All in all, an exciting, stimulating and interesting visit, with all its different pros and cons. We did shop there, although the constant hovering by the attendants was a bit off-putting. In Agra, we were taken to prescribed, very up-scale shops all contained in one beautiful building – the whole thing designed for tourists who probably had money to spend and possibly the very wealthy Indians. We weren’t even ALLOWED to shop “among the people”, and sadly, wouldn’t have wanted to. In one rug store we were almost smothered by the ones they kept unrolling for us. But they were beautiful, from Kashmir, and more may be seen of one ---- after November, on our dining room floor! Needless to say, we’re hoping against hope that what looked magnificent in a showroom in India will be even more magnificent in southwest USA.

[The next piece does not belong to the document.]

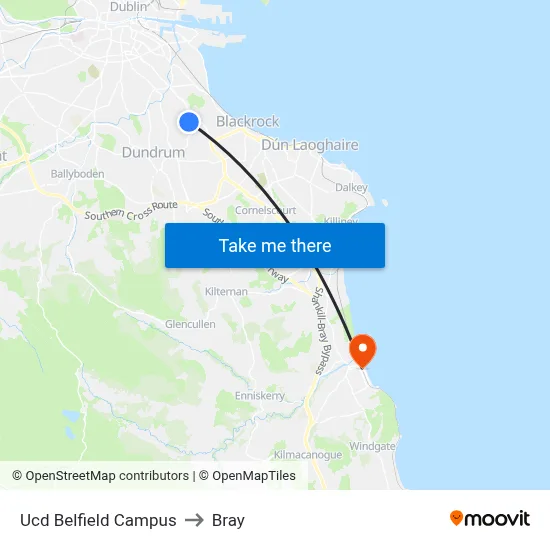 Ucd Belfield Campus to Bray map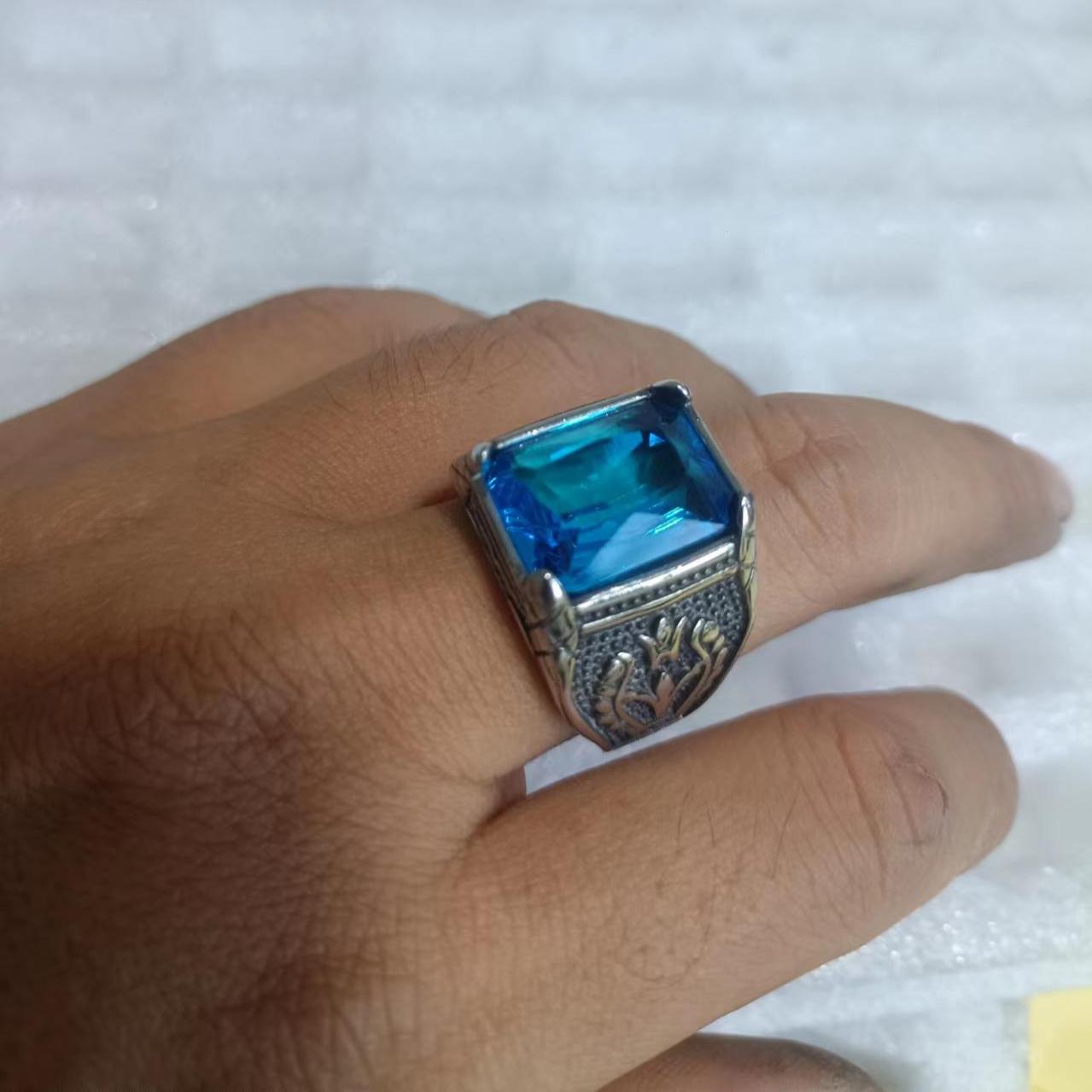 

Панк Винтажное Кольцо с Разноцветными Драгоценными Камнями Дизайн Тюльпана Нержавеющая Сталь 316L Мужские Украшения No. 15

The other aspect was tipping, which seemed almost incessant. Our bags would go from one helper…. to another….. to another – just on checking in to a hotel – and all expected (and received) a tip. In both mens’ and ladies’ rooms, there was often no toilet paper in the stall, but after washing hands, an attendant was always there to give paper to dry hands ---- rolled up toilet paper. Ah yes! Tip!! Rance’s hand became chafed from reaching into his pocket! As we were finally taxiing away from the Jaipur airport (having walked across the tarmac to reach the plane), Rance pointed out the window to the ground guide giving back-up directions to the pilot and, with horror in his eyes, said “Oh, my God! Go back! There’s a guy I missed!”

In any case, we enjoyed India, but were also quite ready to move on to Australia.

3 comments:

Unknown said...

Outstanding tour!! I might add, as usual. Can tell Susan opt-edited this one a bit, eh wat! As for the "tipping" was it in Euros, dollars or pounds??

Lovely pic of the Taj.

Grance said...

All in rupees - which were 40 to the dollar, so it was never very much - just constant.

Travel Pig said...

Loved this post - so much on which to comment.
1. LOL about the Adopt a Highway comment - very funny!
2. Loved seeing ya'll on an elephant - can't wait to hear about that.
3. Can't wait to see the jewelry you bought me (hee hee!)
4. The pic of Mom and the Astrologer/guide looks like she's haggling with him about the marriage arrangements their making regarding Amy and his oldest son. You did say arranged marriages are acceptable right? (I hope you got a good price. Ames will be a lawyer soon and I hear they bring a good penny!)
5. You kwetsch about the tipping but let's get serious folks - it sounds like Rance was in his element!! He loves being the Big Spender and he excels at it!! (Do I get a tip for the compliment, Grance??)